Frequently Asked Questions About the Java HotSpot VM version 1.4

I'm not clear what this means.

Treat op-codes as data, and have op-codes for executing and composing op-codes to create anonymous functions.

I want something like (in MSIL):

push(Ldc_I4_2) // push the instruction that pushes 2 
push(Mul) // push the multiply instruction
compose // combine two instructions to make an anonymous function
Ldc_I4 // push 4
swap // swap 4 and the anonymous function
eval // evaluate the anonymous function 8 will be left on the stack

What do you want to do that you can't already do with class loaders?

Class loaders are overkill when you just want to make small lightweight anonymous functions.

What is the problem you're trying to solve?

Efficiently convert a functional stack-based language into MSIL/JVML.

The sort of scheme you describe would either make that completely impossible, or would vastly increase the runtime cost of bytecode validation.

This is not true. The byte-code verifier simply needs to type-check the code, and it is easy to extend the type-system to include higher-order instructions (instructions operating on instructions). This is what all of my work on Cat has been about. I'll point again to my paper which describes how a type system would look if you added higher order instructions to a stack-language http://www.cat-language.com/typing_stacks.pdf.

To provide a concrete example, of how such a type system works here is the previous example I posted, but with a description of the type configuration of the stack after each instruction:

push(Ldc_I4_2)  // push the 4 generating instruction
// types on stack: ( -> int)

push(Mul) // push the multiply instruction
// types on stack: ( -> int) ( -> (int int -> int))

compose // compose instructions
// types on stack: (int -> int) 

Ldc_I4 // push 4
// types on stack: (int -> int) int=4

swap // swap top two items
// types on stack: int=4 (int -> int) 

eval // evaluate the anonymous function 
// types on stack: int=8

A previous implementation of Cat had a fully working type inference engine that did precisely what I describe (see: http://www.codeproject.com/csharp/cat.asp). The overhead of type-checking higher order functions was not huge and it was definitely not impossible.

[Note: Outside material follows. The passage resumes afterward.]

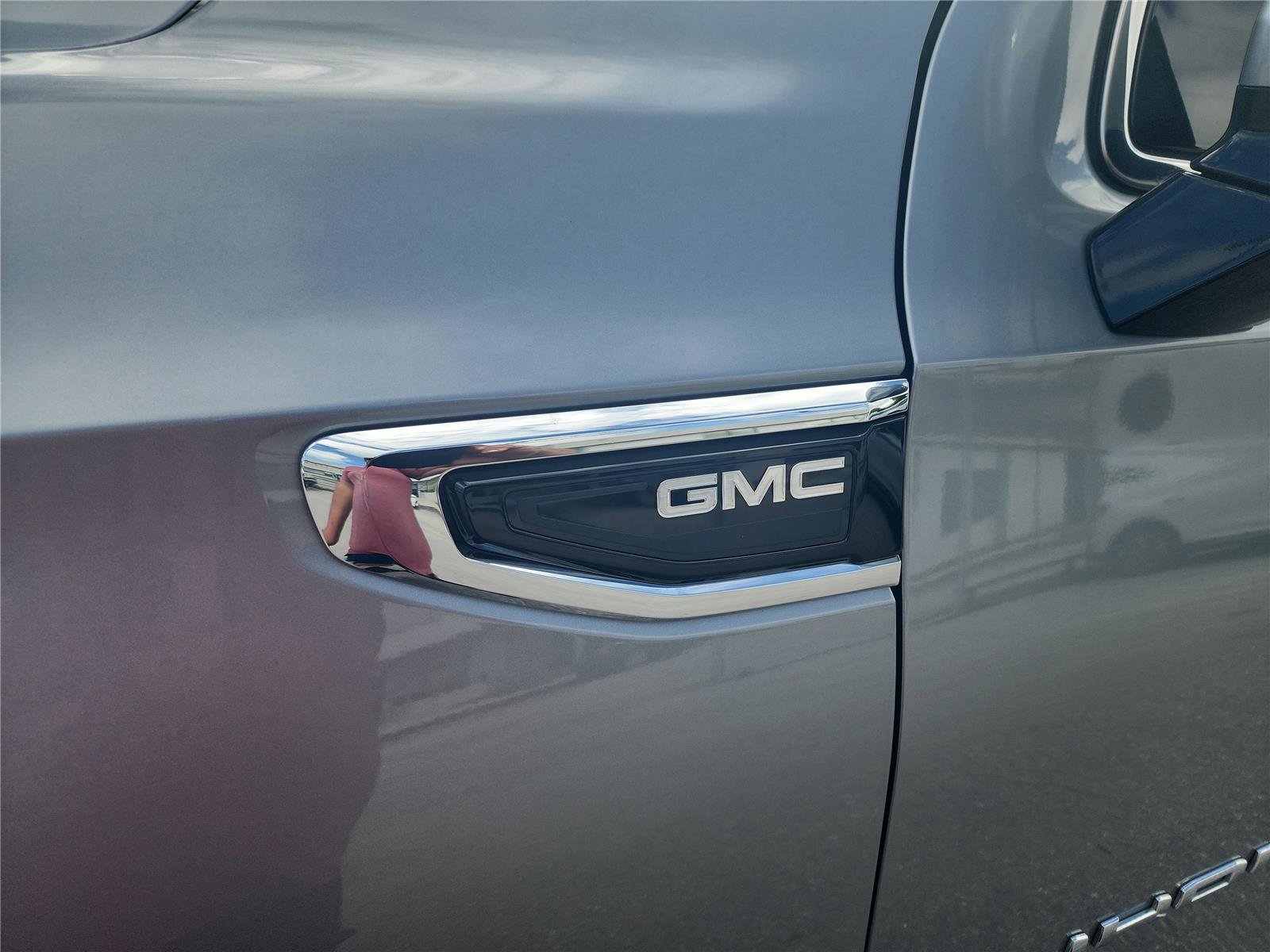 Used 2024 GMC Yukon XL SLT w/ SLT Luxury Package image 11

The addition of higher order instructions would also eliminate the need for generating lots of small class-files when compiling functional languages (like Scala).

I really appreciate this feedback. It is very helpful for me to identify how my work on Cat is relevant to the language community at large, and how to explain the most salient points.

I clearly spoke far too quickly, based on a guess of how hard higher-order type inference was and some knowlege of just how eager the JVM teams were to shave every cycle off of bytecode validation times. Does your solution work for recursive inline functions? Does it handle non-local returns, like Scala and some of the Java closure proposals require? Those would seem to make the type-inference algorithm much less tractable.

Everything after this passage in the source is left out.